Nama-nama seperti Abu Bakar Ba'asyir, Amin Abdullah, Hidayat Nurwahid, Nurcholish Madjid, Panji Gumilang, Idham Kholid, Din Syamsuddin, Kautsar Azhari Noer, Kholil Ridwan,Hasyim Muzadi, Hamam Ja'far, atau bahkan A. Mustahal, penulis buku Dari Gontor ke Pulau Buru--sekedar menyebutkan beberapa nama secara acak--adalah beberapa "produk" Gontor dengan kecenderungan (pemikiran) keagamaannya yang berbeda-beda dan bahkan tak jarang "saling sanggah" satu dengan yang lainnya.

Begitulah, dalam usianya yang ke-80 Gontor telah melahirkan banyak alumninya yang dengan caranya sendiri-sendiri telah memberikan kontribusi begitu besar bagi bangsa Indonesia.
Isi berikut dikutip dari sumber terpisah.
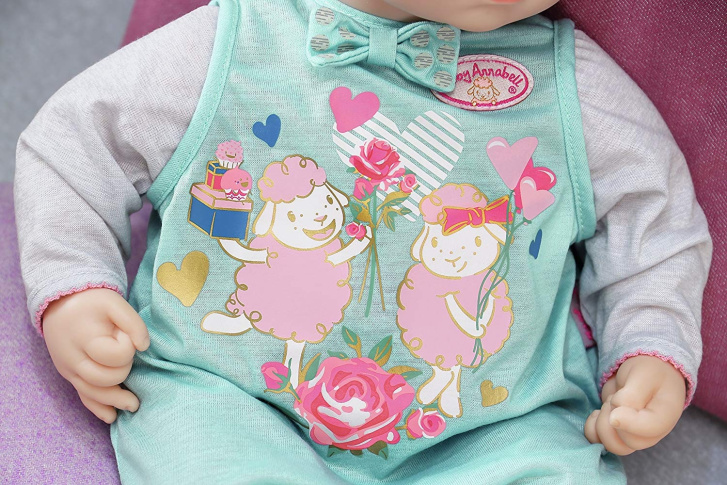 Baby Annabell - Dupačky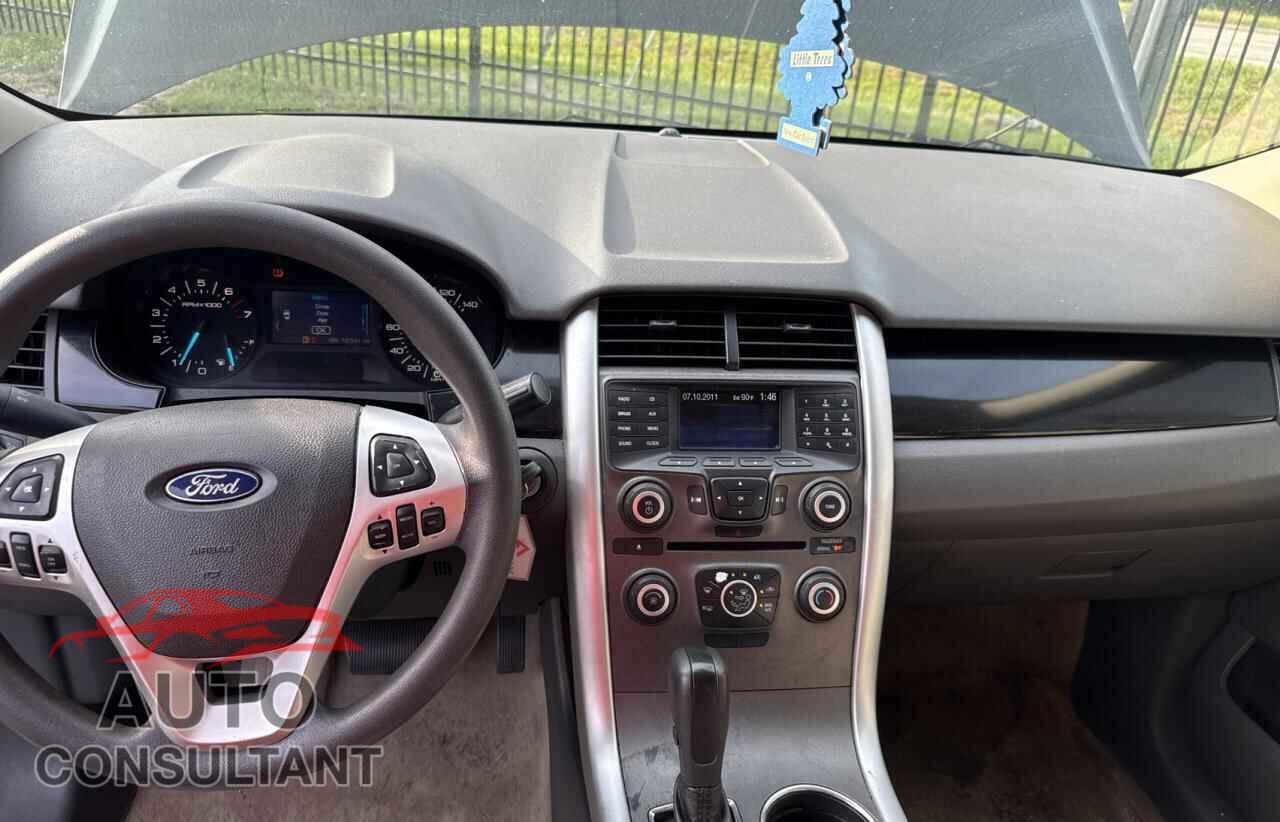 FORD EDGE 2012 - 2FMDK3G92CBA03871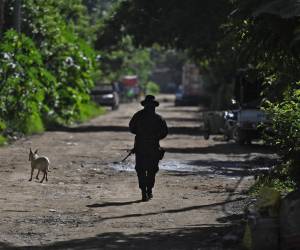 <i>FOTO MARVIN RECINOS / AFP</i>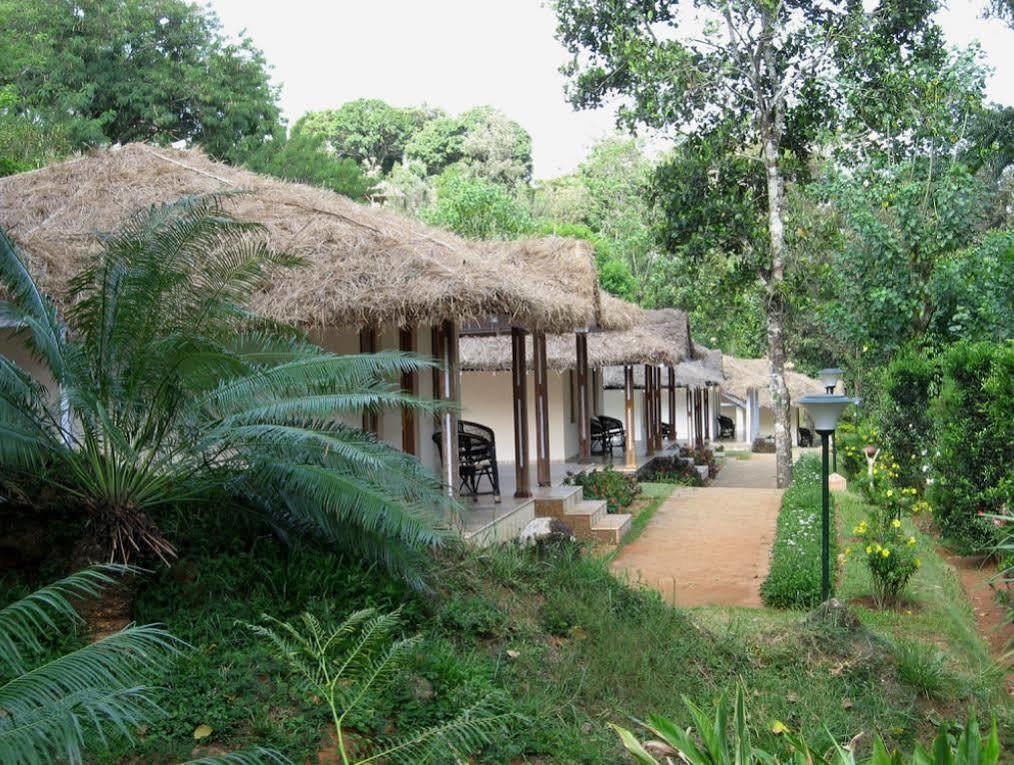 Carmelia Haven Resort Thekkady Dış mekan fotoğraf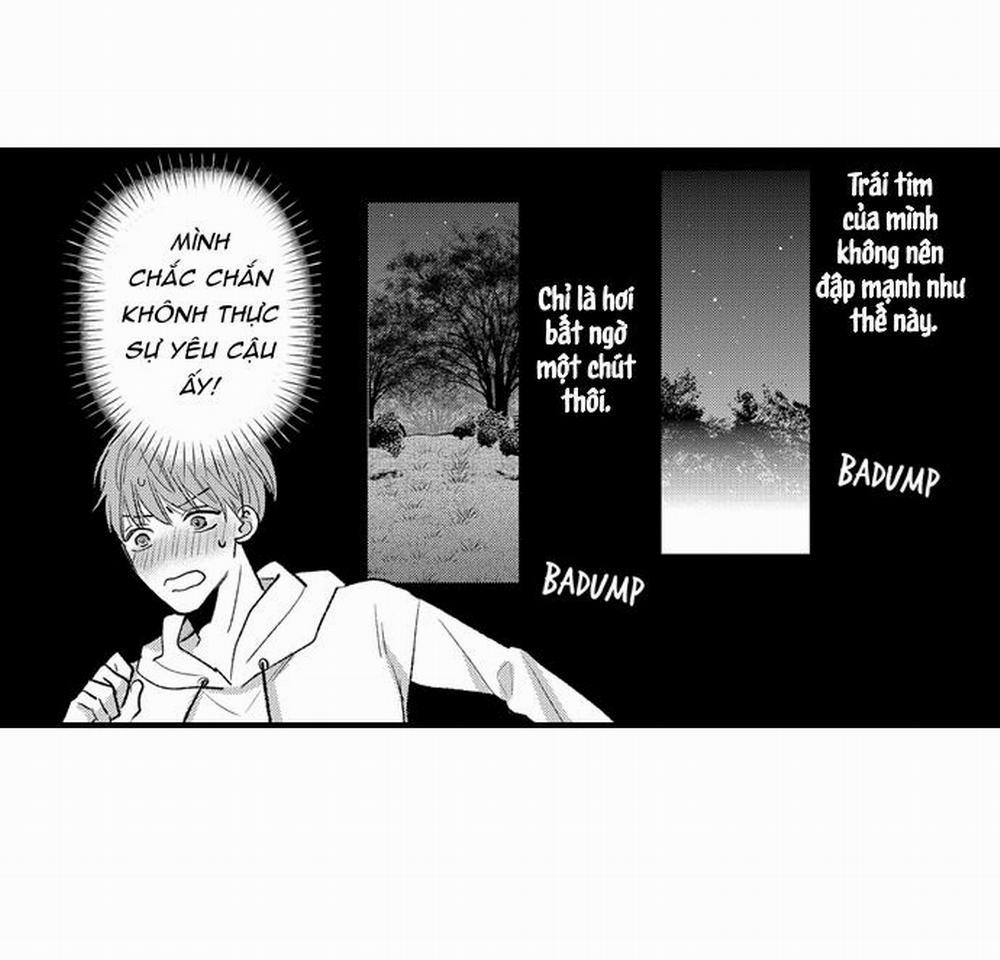 Khi Thần Tượng Trở Thành Người Yêu Ghen Tuông 2 trang 8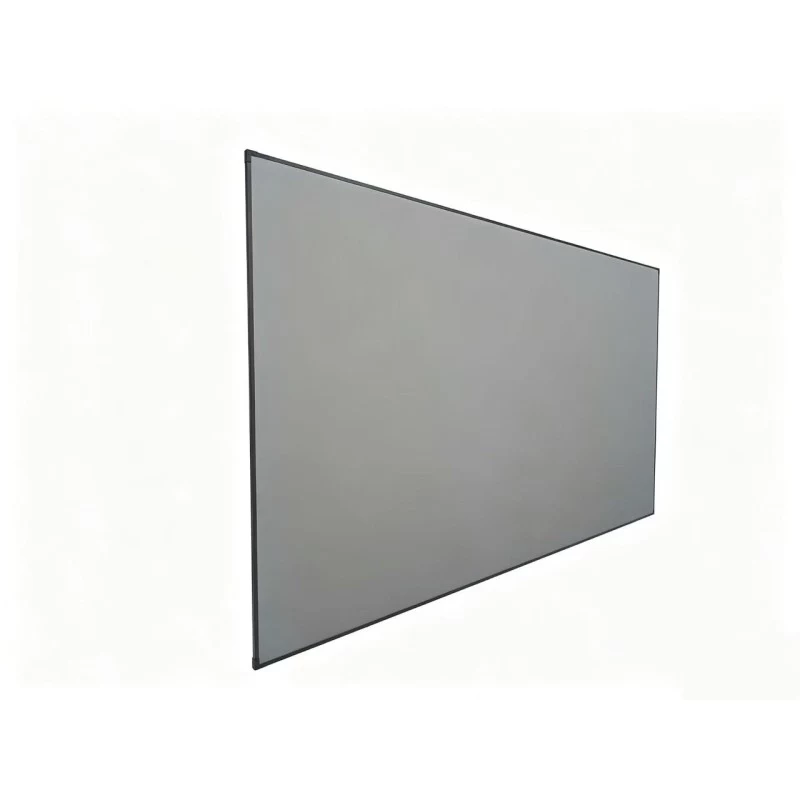 Reflecta CineHome ALR UST 82551 ingelijst projectiescherm, 223x126 cm, 16:9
Dengan aset finansial yang begitu besar dan ditopang manajemen sangat modern untuk ukuran dunia pesantren, kini Gontor bermetamorfosa dalam ratusan lembaga pendidikan Islam sejenis yang menjamur di seantero Nusantara. Meskipun tak boleh dialpakan juga bahwa "tak ada gading yang tak retak". Gontor pun.

Disiplin yang cenderung militeristis, hirarki kepemimpinan kiai yang masih menjalankan pola kepemimpinan karismatik (charismatic leadership) alih-alih rasional (rational leadership), absennya "hubungan spiritual" yang intens dan hangat antara kiai dengan santri, dan kecenderungan pendidikannya yang terkesan "elitis", misalnya, merupakan beberapa "sisi yang retak" itu dan mau tak mau musti dipertimbangkan ulang oleh para pengasuh dan pendidik Gontor masa kini.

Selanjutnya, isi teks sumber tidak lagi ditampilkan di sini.